Integrative Learning students present on food and hunger

Earlier this month, students from a variety of disciplines presented projects that examined the issue of food and hunger from multiple perspectives. They presented a variety of interesting and thoughtful takes on this difficult problem, including a mock proposal for a community garden plots along Pine Street, evaluations of the effectiveness of food assistance programs, interviews with individuals who had experienced food insecurity and tips for how to purchase healthy foods with limited budgets.

The projects are part of the college’s Integrative Learning program, which encourages students in areas such as English, Geography, English as a Second Language, Environmental Science and Sociology to study complex problems from a variety of perspectives. For the first time, students from both the Culinary and Applied Behavioral Science programs added perspectives to the topic.

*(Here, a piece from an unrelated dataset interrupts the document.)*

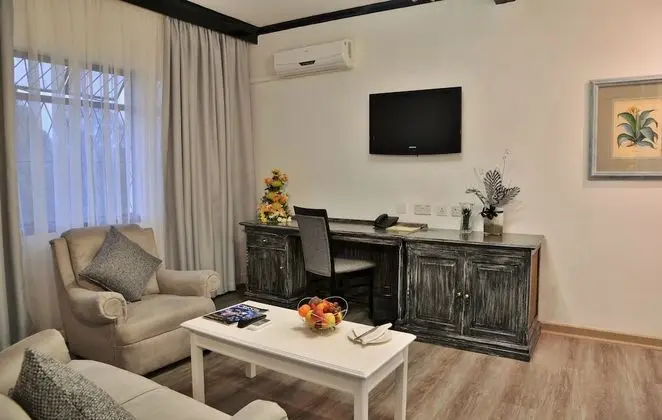 Süit, 1 Çift Kişilik Yatak, Bahçe Manzaralı (SUITE)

“It seemed at least 35 percent of students had experienced food insecurity at some point, which made many of the projects very personal,” said Sociology instructor Greg Hinckley. “Presentations seemed more conversational than in previous quarters and it was nice to have that variety.”

Integrated Learning projects started ten years ago as a complement to the Coordinated Studies Program (CSP), which offers immersive courses on a single topic that incorporate coursework from multiple disciplines. Since some students cannot fit CSPs into their schedule, the idea of Integrated Learning projects was born.